Pernyatan Akil ini disampaikan dalam bincang santai dengan detikcom di ruangannya, Jalan Medan Merdeka Barat, Jakarta, (21/12/2010).
Lantas, mulailah cerita mengalir dari hakim konstitusi yang menamatkan pendidikan hingga SMP di Putussibau, Singkawang, Pontianak, Kalimantan Barat ini. Pengalaman masa kecil hingga dewasa inilah yang mengkristalisasikan pemikirannya terhadap nilai-nilai keadilan dan nasionalisme.
"Saya kecil di daerah terpencil. Berbatasan langsung dengan Malaysia," tambah Akil sambil sesekali memainkan gadgetnya.
Masa kecil yang dihabiskan di daerah terpencil inilah yang menjadikan wawasan kebangsannya menguat. Di desanyalah, sengketa Indonesia-Malaysia terus berkecamuk.
"Waktu SMP kami diwajibkan memakai sepatu. Tapi tidak punya biaya. Akhirnya, kami menyadap getah enau lantas menjualnya. Kami beli sepatu yang bekas dipakai oleh tentara," cerita mantan pengacara yang menginjak usia ke 50 pada Oktober lalu ini.
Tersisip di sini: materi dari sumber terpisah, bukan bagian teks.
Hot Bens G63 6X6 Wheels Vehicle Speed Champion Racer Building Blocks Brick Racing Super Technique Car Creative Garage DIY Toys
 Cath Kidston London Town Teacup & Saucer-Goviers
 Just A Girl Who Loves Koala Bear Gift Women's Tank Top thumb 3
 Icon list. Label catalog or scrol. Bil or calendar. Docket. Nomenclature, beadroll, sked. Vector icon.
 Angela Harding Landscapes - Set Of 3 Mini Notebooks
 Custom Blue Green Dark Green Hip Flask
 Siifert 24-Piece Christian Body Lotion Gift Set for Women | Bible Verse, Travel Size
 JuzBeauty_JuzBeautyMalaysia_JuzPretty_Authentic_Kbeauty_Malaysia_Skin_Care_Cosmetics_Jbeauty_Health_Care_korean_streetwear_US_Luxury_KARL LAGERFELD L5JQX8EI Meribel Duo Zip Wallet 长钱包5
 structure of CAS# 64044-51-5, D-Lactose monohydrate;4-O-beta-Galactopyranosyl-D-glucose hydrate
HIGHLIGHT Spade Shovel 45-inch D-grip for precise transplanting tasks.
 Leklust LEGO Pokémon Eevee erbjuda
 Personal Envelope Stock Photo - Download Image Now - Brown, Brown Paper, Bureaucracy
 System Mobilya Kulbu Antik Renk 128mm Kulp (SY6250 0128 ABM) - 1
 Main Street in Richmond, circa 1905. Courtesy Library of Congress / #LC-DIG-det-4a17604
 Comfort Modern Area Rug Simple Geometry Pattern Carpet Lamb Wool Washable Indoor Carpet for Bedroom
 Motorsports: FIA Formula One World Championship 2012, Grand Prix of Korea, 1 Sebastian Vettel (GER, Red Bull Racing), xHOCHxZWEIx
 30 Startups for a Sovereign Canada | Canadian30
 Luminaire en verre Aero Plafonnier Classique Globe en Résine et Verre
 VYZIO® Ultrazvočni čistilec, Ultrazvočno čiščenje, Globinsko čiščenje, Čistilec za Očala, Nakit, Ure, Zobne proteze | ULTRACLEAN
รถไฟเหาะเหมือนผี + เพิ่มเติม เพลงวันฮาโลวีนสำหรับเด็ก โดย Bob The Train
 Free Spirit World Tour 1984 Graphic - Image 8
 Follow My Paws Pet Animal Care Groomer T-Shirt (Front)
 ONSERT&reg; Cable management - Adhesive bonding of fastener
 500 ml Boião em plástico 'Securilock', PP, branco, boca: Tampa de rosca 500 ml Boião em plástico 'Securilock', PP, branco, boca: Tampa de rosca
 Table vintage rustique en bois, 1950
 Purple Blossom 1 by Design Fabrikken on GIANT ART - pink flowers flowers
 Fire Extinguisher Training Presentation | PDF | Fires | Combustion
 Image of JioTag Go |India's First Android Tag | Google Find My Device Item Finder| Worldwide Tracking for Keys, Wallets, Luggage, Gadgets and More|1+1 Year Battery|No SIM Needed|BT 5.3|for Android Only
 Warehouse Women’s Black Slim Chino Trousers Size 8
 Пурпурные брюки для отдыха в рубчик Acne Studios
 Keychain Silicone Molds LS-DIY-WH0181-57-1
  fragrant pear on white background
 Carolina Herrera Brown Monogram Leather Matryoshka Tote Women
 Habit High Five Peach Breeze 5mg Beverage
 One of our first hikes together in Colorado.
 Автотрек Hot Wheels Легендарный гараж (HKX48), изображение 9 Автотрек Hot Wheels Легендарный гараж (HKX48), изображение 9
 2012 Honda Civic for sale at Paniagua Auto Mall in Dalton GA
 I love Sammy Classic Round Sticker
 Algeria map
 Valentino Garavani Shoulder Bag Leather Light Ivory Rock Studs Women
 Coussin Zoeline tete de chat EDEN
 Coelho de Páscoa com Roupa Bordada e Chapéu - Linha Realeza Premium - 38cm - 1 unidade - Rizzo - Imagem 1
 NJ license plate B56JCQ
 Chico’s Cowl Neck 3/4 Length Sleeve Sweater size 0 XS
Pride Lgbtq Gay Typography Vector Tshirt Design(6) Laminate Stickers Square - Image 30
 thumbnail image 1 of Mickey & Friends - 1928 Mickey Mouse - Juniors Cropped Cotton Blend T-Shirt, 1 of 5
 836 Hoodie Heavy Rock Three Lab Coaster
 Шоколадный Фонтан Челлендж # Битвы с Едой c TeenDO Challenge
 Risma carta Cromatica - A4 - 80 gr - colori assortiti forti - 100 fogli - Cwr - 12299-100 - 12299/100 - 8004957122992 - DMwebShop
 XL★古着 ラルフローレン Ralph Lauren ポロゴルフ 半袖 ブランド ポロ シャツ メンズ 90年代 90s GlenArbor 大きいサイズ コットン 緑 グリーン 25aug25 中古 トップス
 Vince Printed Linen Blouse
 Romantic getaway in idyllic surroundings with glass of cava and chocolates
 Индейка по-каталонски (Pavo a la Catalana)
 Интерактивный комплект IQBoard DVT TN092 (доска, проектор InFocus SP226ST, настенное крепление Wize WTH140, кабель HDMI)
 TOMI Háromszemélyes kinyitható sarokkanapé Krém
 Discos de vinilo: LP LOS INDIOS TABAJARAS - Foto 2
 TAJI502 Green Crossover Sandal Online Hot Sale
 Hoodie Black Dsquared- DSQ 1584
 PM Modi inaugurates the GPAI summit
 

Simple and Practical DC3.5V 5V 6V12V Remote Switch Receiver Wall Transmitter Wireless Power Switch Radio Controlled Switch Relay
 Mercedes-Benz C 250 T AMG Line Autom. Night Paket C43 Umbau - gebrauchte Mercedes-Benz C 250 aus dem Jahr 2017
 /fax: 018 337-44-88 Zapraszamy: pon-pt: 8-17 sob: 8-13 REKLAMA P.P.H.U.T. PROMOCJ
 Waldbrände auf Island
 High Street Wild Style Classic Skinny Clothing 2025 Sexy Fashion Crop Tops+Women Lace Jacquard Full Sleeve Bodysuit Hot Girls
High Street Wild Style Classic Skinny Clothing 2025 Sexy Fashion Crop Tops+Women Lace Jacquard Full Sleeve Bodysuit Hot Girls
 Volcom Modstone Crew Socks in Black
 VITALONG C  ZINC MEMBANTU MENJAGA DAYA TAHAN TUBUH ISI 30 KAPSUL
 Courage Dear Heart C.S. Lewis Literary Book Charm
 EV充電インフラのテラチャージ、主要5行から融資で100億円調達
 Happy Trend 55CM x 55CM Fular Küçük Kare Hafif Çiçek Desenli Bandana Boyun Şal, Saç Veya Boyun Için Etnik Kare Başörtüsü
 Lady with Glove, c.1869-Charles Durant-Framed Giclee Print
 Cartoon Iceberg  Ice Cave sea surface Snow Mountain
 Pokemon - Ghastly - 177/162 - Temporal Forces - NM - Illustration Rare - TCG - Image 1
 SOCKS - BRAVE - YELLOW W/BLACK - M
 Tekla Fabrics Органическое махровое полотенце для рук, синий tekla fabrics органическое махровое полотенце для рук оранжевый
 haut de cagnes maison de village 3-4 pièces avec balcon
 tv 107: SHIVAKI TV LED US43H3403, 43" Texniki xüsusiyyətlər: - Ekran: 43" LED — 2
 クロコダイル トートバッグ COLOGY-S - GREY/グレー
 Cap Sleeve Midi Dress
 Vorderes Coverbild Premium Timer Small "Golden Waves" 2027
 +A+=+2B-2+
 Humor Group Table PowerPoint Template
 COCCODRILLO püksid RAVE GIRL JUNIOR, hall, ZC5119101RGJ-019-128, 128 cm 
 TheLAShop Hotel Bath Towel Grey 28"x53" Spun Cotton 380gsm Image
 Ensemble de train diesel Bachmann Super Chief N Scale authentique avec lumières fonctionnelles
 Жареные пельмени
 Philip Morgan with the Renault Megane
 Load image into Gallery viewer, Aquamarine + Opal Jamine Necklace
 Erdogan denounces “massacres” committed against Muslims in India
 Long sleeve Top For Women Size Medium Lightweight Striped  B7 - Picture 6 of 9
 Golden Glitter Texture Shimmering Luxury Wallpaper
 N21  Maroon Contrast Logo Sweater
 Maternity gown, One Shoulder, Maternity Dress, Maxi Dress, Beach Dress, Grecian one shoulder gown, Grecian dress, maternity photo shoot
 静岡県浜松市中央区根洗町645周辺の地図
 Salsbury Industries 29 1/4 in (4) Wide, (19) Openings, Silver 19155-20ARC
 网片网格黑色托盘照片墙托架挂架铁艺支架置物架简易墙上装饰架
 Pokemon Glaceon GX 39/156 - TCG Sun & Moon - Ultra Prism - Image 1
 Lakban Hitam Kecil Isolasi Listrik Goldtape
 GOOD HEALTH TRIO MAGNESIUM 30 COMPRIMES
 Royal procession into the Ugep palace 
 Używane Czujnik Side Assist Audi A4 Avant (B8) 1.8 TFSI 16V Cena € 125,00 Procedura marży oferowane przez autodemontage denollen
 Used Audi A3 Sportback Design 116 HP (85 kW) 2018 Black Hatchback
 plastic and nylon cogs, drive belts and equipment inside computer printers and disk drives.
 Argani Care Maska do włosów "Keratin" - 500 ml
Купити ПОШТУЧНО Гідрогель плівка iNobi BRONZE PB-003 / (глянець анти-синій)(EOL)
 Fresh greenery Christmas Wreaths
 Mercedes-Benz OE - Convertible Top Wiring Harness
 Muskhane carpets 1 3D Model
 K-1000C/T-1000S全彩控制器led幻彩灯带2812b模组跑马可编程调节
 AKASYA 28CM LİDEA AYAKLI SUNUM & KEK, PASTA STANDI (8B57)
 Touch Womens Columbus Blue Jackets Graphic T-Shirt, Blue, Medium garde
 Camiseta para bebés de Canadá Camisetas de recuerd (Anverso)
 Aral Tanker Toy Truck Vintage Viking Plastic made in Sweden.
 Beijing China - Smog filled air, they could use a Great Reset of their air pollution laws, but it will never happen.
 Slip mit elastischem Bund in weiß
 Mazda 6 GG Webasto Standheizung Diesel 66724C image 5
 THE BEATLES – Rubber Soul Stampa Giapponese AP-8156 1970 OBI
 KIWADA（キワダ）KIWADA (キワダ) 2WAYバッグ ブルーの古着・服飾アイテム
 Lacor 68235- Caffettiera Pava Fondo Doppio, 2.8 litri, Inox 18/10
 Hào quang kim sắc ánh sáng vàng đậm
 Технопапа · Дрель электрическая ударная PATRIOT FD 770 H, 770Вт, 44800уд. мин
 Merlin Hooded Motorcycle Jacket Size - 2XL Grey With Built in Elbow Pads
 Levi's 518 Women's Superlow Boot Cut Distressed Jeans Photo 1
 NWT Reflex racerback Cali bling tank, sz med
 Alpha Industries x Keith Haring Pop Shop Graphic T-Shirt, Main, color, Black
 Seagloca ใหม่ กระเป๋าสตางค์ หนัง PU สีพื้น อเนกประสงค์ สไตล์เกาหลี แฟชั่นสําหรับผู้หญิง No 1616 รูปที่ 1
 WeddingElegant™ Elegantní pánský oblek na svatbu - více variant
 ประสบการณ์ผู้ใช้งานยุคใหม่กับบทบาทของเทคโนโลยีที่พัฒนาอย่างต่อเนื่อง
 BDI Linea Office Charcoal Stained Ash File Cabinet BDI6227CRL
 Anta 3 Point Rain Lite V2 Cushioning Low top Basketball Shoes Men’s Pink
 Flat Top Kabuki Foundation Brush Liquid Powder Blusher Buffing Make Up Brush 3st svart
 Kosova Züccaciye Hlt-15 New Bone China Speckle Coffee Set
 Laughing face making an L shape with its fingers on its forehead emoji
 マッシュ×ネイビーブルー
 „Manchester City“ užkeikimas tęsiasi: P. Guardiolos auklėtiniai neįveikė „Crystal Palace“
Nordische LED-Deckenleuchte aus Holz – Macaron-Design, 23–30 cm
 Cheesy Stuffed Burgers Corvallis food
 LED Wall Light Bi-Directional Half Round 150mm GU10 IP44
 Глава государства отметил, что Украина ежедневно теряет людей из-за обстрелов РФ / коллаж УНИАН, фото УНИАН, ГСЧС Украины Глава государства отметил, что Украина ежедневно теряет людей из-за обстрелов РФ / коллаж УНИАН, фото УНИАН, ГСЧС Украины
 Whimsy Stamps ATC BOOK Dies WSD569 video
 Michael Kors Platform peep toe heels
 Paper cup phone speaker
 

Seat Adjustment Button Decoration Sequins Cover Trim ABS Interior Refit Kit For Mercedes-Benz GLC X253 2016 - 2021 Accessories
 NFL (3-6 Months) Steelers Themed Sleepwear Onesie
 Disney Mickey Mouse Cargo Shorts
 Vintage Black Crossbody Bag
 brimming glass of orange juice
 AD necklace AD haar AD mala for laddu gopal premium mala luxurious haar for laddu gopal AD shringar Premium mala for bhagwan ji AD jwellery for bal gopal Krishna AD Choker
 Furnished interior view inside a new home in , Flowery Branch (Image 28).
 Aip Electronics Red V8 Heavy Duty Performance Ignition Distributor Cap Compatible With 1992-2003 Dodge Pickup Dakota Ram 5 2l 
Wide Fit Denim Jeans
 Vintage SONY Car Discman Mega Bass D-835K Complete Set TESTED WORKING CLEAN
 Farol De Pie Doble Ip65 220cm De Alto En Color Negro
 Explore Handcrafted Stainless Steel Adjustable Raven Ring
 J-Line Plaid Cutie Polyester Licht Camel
Sayang, sepatu militer itu pun tak bisa langsung dipakai karena masih ada boatnya setinggi betis. "Kami lalu memotong hingga semata kaki. Lalu sol bawah dikuliti karena masih menancap paku boat. Guru saya hanya tersenyum melihat sepatu kami," tutur Akil.
Usai SMP, orang tuanya nyaris tak bisa membiayai sekolahnya hingga tingkat lebih atas. Apalagi sebagai anak dengan 9 bersaudara, dia harus mencari biaya sendiri guna menyambung biaya pendidikan. Tantangan tak hanya itu, di kampungnya tak ada SMA.
"Ayah saya berpesan, kalau mau merubah nasib, hijrah-lah. Menggunakan kapal boat, akhirnya saya menyusuri sungai Kapuas selama 14 hari, untuk melanjutkan SMA. Jika dibanding kisah dalam novel Laskar Pelangi, tidak ada apa-apanya," kisah Akil.
Usai sampai di Pontianak, lagi-lagi dia harus bergelut dengan permasalahan biaya sekolah yang menghimpit. Sementara cita-cita untuk lulus sekolah dan melanjutkan hingga kuliah terus bergelora jangan sampai berhenti di tengah jalan.
"Untuk biaya sekolah, semua profesi sudah saya lalui. Dari loper koran hingga tukang semir sepatu," kenang pria yang menamatkan pendidikan doktornya di Unpad Bandung ini.
Usahanya tak sia-sia. Dia pun lulus dan bisa melanjutkan kuliah dengan mengambil Fakultas Hukum di Universitas Panca Bhakti, Pontianak. Untuk menyambung keberlangsungan perkuliahan, dia menjadi sopir video shoting. "Waktu itu lagi ramai- ramainya video shooting. Saya jadi tukang sopir mobil books nya. Ditabung untuk hidup sehari- hari, biaya kuliah hingga skripsi," kisah Akil yang selama kuliah aktif dalam kegiatan Resimen Mahasiswa ( Menwa).
"Waktu itu, untuk daftar skripsi sebanyak Rp 75 ribu. Dari upah sopir saya cuma ada tabungan Rp 50 ribu. Sisanya pinjam sana-sini," ujar Akil sambil menghirup rokok dalam-dalam.
Usai menjadi sarjana, mulailah dia terlibat langsung dalam perubahan sosial. Mengawali karier sebagai pengacara di pelosok Kalimantan, masuk dunia politik, hingga kini berkantor di lantai 13 gedung MK. Namun, badai tak kunjung berlalu. Setelah beberapa tahun sebagai penafsir konstitusi, kini hembusan angin kembali menerpanya.
"Kita lihat saja, akhir pusaran ini. Saya sudah terbiasa dengan semua ini," tutup Akil dingin.